Cuidados também devem ser tomados com os equipamentos utilizados na coleta e análise das amostras. “Os ensaios de toxicologia são bem abrangentes e podem envolver uma série de soluções instrumentais e analíticas, desde analisadores fotométricos discretos, passando por analisadores baseados em espectrometria de massas em equipamentos de LC-MS (cromatografia líquida acoplada à espectrometria de massas), cromatografia gasosa e GC-MS (cromatografia gasosa acoplada à espectrometria de massas), além de sistemas espectrométricos para determinação de metais, como é o caso do sistema de absorção atômica com forno de grafite ou até ICP-MS”, explica o especialista da Thermo.

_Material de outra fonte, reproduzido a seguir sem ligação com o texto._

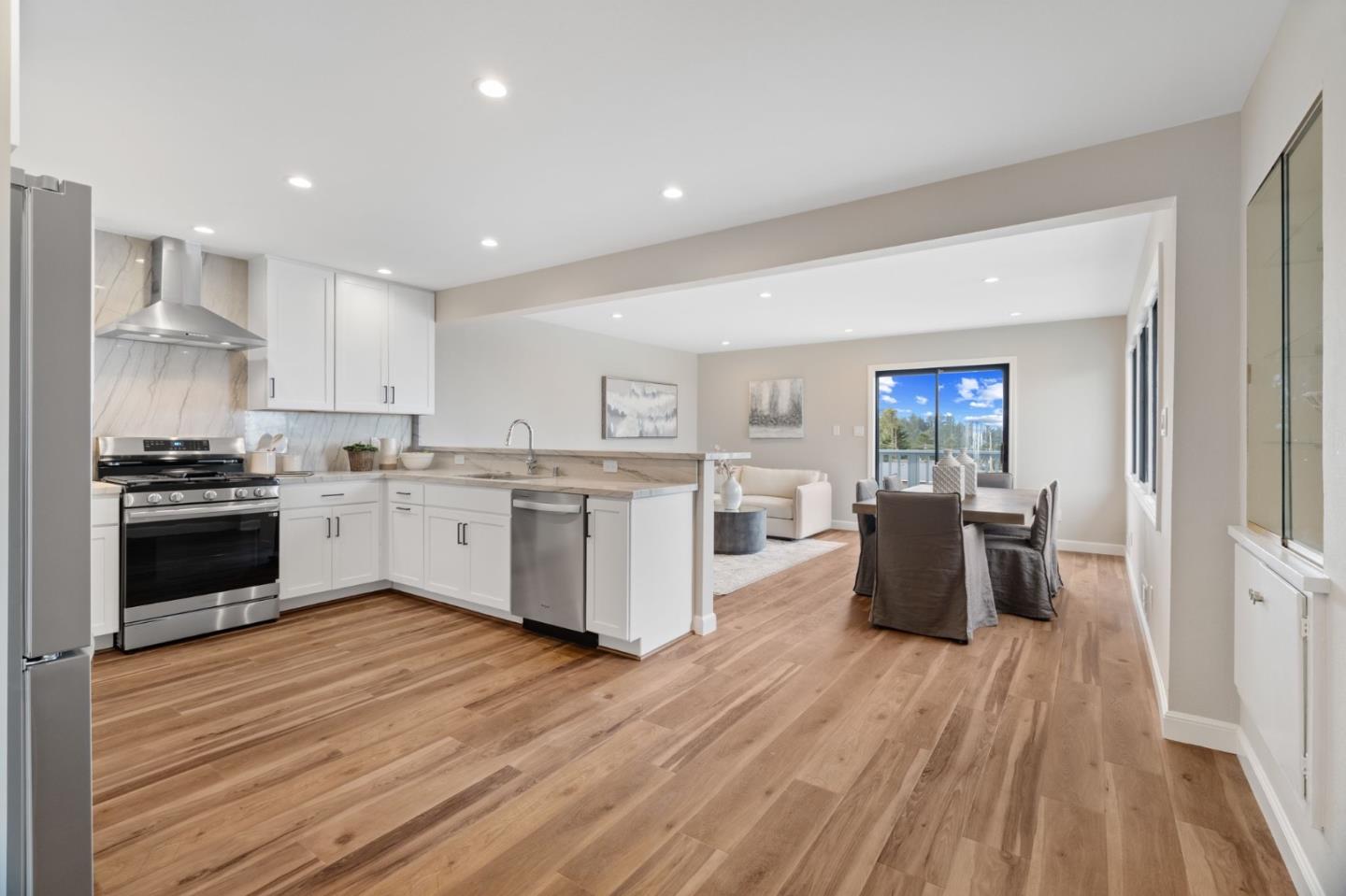 3901 Coronado Way San Bruno, CA 94066 - Photo 9 of 31 a kitchen with white cabinets and stainless steel appliances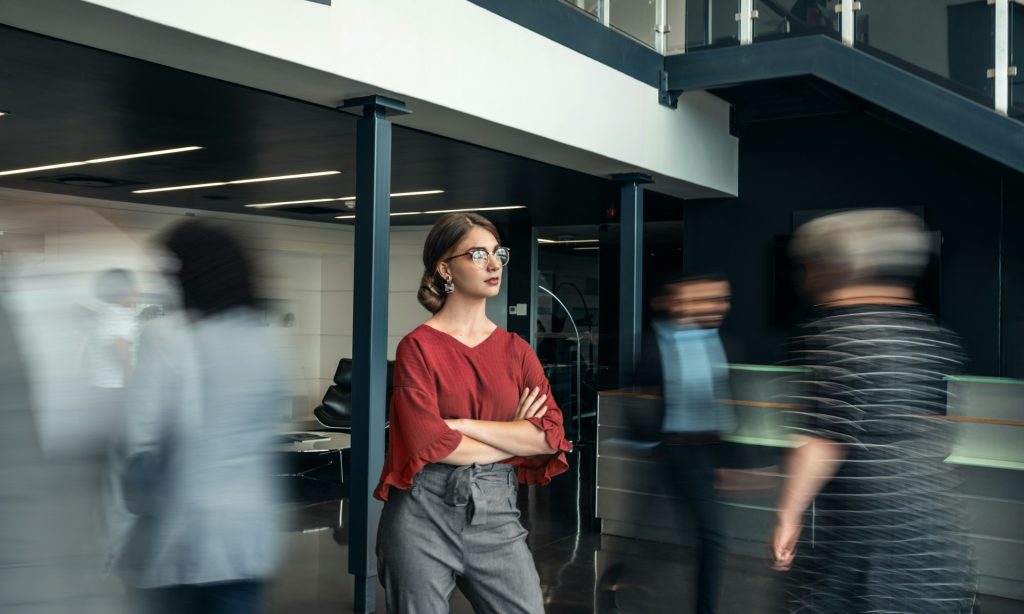 A woman wearing glasses standing in the midst of a crowd in an office with crossed arms.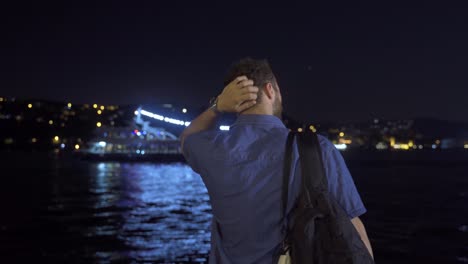 un joven exitoso mirando el mar nocturno y riendo.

Além disso, salienta Santos, da Psychemedics, a calibração dos equipamentos é fundamental e pode influenciar diretamente no resultado do exame. Em geral, esses sistemas são calibrados e qualificados na fábrica e qualificados novamente após sua instalação nos laboratórios. “As manutenções preventivas devem ser realizadas com uma periodicidade que varia de seis meses a um ano, e o funcionário que opera o equipamento deve ser treinado e capacitado para operação, troubleshooting e boas práticas dos equipamentos”, complementa Chalom.

Diz ele que o grau de confiança dos testes é bastante alto devido à seletividade das técnicas analíticas empregadas. “O mais importante é garantir a integridade da amostra desde o momento de coleta e armazenagem, assim como garantir a integridade do analito durante as etapas de preparo da amostra”.